Looking back, once I was sober, I didn’t see Megan the same way at all. She was sweet, she was fine… but she was just there . Suddenly she was like a piece of furniture that I didn’t remember buying and I began to ask myself, each and every day, what we had in common. With nothing to cloud my vision, it felt like she was a stranger. I also didn’t have time for the time-consuming responsibilities and distractions of a relationship, so it wasn’t her so much as it was me. I was getting back to my old self; I was getting into work mode. All I kept thinking when I looked at her was, What are you doing here? You’ve got to go. I’ve got shit to do . We’ve got a fucking record to make. I believe I said as much to her. I treated her harshly, especially for me, because that’s not my style. But I just couldn’t take it anymore, and that’s the last that I ever saw of her. I’ve always had to do things my way; I’ve gotten high my way, I’ve gotten clean my way, I’ve been in and out of relationships my way. I’ve taken myself to the edges of life my way. And I’m still here. Whether or not I deserve to be is another story.
When we started this band, our future depended on our uncompromising unity; our attitude fostered a loyal camaraderie among us the likes of which is very rare. Success fragmented that bond by giving us everything we wanted and a lot we didn’t need—all at once. We’d made it in the conventional sense; and that meant money and money meant freedom. We were free to splinter off on our own trips. We went so far that we almost forgot what it was like to be in the same room; we almost forgot how we had earned that freedom in the first place.

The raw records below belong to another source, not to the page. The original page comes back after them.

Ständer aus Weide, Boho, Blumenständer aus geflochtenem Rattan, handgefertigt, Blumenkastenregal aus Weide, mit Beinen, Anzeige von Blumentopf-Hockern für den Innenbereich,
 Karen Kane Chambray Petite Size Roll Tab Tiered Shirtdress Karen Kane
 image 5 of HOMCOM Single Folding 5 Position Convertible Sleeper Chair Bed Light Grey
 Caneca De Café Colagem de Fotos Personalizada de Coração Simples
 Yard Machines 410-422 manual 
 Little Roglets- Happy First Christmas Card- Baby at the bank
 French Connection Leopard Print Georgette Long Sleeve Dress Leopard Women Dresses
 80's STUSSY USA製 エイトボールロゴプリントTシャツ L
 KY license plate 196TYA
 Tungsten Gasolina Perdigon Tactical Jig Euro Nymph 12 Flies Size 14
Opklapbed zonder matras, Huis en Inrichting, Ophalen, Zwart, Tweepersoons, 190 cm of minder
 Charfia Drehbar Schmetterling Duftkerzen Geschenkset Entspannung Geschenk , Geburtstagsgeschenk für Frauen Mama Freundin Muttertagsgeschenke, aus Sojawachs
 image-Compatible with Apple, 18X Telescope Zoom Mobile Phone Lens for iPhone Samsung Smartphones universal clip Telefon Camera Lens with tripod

In the end we found it again, just in time… but there were losses and growing pains we could not avoid. To get back to where we started, we had to reintroduce ourselves; we had to trim the fat. We had to rediscover Guns N’ Roses. It had only been a few years, but it felt like we’d forgotten how fun it used to be to be us. You’d be surprised how quickly you forget what’s important when you’ve suddenly got everything you’d never thought you’d have.
Once I had dropped the smack again, once Megan was gone, and once I started hanging more with Duff, listening to music, drinking, and doing the occasional line, it all came together. It was all no big deal; I’d transitioned out of smack like I had before and into drinking and I was ready to do some work again. And that was good.
Izzy hadn’t come back from Indiana yet—he wasn’t ready for the temptation of L.A.—so it was Duff and I who started going back down to Mates to write. We hoped to get the ball rolling by way of our example, by maintaining a regular schedule during which we’d write music. We were feeling out the foundation of a few new songs and doing some work on some preexisting ones. As in Chicago, our goal was to get Izzy and Axl back in the room with us, but we knew that before we could do that, we needed to deal with Steven. Our man Steve had built himself up a pretty pesky drug habit and was in full denial. Steve never grew out of those junior high rock-and-roll fantasies, even when the threat of losing them was staring him in the face, so we had our work cut out for us. Duff and I split our time between jamming at Mates and monitoring Steven, who conveniently lived down the street from Duff, but was as sneaky as could be about his consumption. When we were in Chicago, everyone had started to see signs that he was becoming a little bit neurotic and frail, but back in L.A. in my strung-out haze, I hadn’t registered how bad off he was.